Un Vide de Vérité

Chapitre 3 : Découverte

2167 mots, Catégorie: G

Dernière mise à jour 24/09/2020 23:50

Les papiers de devinette gisaient éparpillés sur le sol, du gâteau au chocolat il ne restait maintenant que quelques miettes dans les assiettes vides. Un feu encore vif continuait de brûler dans la cheminée, insensible aux éclats de rires et aux discussions qui allaient bon train. Kristoff s’affala davantage dans le canapé.

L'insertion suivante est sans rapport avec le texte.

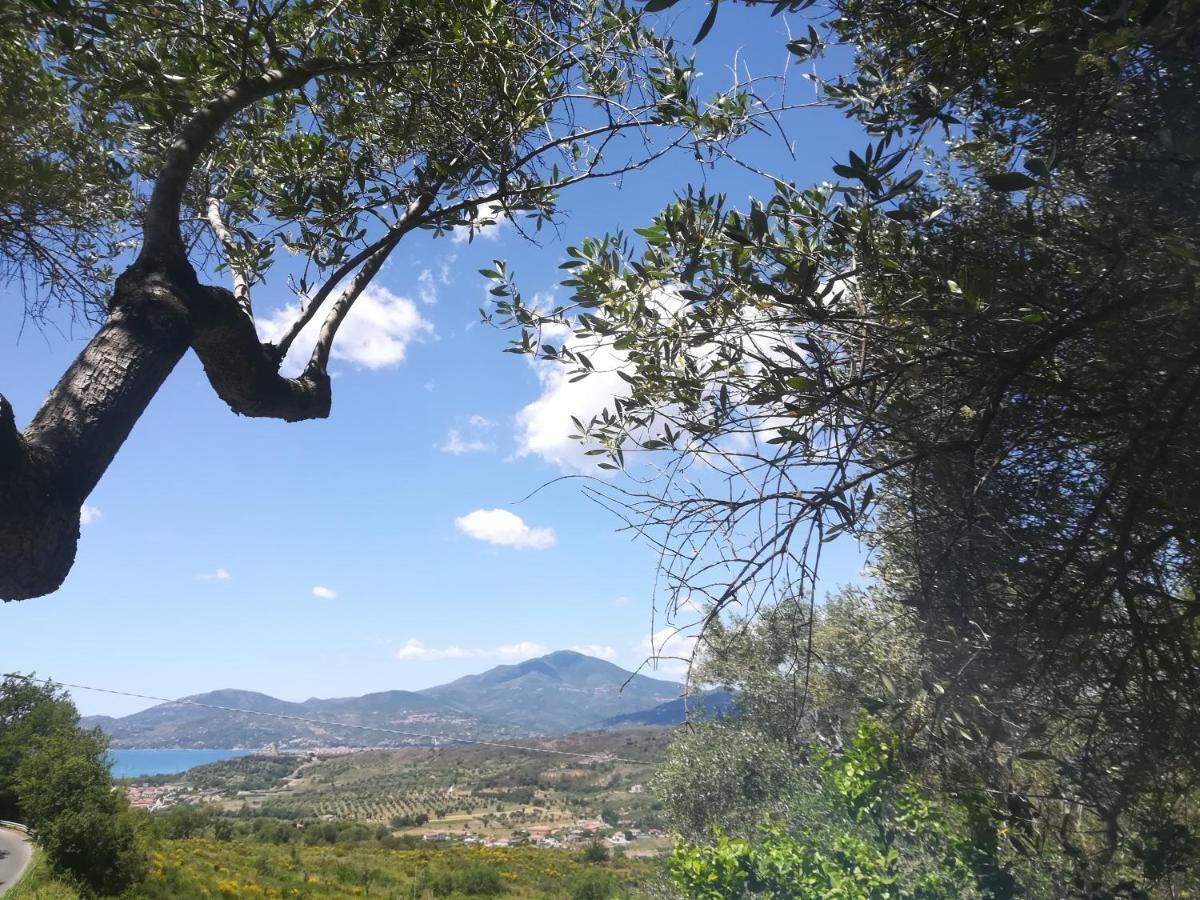 Casa Vacanze Alfano Ascea Kültér fotó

« Wouah ! Je n’en peux plus. Ce repas était vraiment délicieux mais je crois que j’ai trop mangé. »


Il modula sa voix pour prendre l’intonation de Sven.


« Peut-être que tu n’aurais pas dû te resservir 3 fois du gratin de légume avec toute cette sauce !

-Je sais Sven, c’est toi qui as raison mon vieux, comme toujours ! Je crois que je vais aller dormir, ça ne vous dérange pas les filles si je vous laisse finir la soirée sans moi ?

-Vous pouvez tous aller dormir, je vais ranger. » Elsa sourit à l’assemblée mais sa sœur secoua la tête

« Je vais t’aider à ranger, laissons les petites natures se remettre de leurs émotions.

-Hé ! Je ne suis pas une petite nature ! Il y avait vraiment beaucoup de sauce ! »


Anna l’embrassa tendrement tandis que Sven le poussait déjà vers la porte, Olaf sur le dos.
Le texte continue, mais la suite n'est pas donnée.